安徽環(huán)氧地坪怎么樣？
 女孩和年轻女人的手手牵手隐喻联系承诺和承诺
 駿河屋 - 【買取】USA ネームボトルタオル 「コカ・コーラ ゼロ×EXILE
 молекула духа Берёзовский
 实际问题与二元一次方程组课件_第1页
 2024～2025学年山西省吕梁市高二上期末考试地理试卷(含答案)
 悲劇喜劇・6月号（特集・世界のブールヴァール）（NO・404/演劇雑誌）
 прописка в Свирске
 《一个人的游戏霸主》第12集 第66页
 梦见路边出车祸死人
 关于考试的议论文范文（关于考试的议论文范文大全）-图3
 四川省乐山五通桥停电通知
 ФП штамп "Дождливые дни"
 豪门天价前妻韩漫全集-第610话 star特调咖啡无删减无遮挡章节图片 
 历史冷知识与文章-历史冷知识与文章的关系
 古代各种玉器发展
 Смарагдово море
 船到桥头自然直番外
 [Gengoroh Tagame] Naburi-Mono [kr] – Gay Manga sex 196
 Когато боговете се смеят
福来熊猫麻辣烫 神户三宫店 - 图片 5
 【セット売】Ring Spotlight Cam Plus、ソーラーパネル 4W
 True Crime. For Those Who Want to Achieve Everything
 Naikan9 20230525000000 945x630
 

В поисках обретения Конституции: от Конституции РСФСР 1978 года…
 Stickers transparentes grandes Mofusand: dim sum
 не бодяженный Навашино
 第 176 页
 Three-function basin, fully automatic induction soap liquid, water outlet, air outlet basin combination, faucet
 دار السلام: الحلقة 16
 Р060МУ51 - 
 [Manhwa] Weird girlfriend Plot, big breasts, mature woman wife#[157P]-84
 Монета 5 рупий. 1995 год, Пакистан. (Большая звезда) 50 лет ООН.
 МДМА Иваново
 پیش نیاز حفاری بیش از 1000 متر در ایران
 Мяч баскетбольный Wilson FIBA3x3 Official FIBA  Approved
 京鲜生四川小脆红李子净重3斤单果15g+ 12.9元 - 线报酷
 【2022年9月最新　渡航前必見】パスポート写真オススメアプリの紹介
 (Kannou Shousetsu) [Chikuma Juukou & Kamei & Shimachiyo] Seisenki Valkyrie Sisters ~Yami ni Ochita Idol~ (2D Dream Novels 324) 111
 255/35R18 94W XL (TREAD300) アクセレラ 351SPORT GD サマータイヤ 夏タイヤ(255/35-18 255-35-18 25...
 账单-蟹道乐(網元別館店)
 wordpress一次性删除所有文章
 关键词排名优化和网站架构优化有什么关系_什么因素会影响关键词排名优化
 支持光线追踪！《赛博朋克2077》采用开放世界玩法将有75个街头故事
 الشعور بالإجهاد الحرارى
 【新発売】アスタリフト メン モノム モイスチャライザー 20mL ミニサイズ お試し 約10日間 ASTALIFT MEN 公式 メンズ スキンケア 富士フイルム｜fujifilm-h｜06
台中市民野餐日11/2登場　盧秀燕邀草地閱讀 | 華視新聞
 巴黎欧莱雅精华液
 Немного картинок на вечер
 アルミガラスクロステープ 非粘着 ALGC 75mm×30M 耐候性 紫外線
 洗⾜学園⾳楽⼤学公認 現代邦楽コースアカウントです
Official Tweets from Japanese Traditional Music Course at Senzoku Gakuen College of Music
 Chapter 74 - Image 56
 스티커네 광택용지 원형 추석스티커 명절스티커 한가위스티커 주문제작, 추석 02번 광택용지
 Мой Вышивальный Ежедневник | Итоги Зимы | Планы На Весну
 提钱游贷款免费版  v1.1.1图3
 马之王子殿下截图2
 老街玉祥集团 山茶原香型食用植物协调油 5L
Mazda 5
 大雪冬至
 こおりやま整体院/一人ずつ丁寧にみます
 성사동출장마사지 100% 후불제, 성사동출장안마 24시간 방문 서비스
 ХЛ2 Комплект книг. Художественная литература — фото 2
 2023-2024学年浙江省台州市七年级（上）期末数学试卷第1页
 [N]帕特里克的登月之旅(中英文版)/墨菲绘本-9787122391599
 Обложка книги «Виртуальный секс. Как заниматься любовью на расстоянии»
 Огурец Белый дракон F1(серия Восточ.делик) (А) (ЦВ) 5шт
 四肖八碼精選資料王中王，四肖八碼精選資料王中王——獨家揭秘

▶ [The problem]: Lines with "Official": copy every one of them from the listing above.

▶ [Reply]:
 Мяч баскетбольный Wilson FIBA3x3 Official FIBA  Approved
Official Tweets from Japanese Traditional Music Course at Senzoku Gakuen College of Music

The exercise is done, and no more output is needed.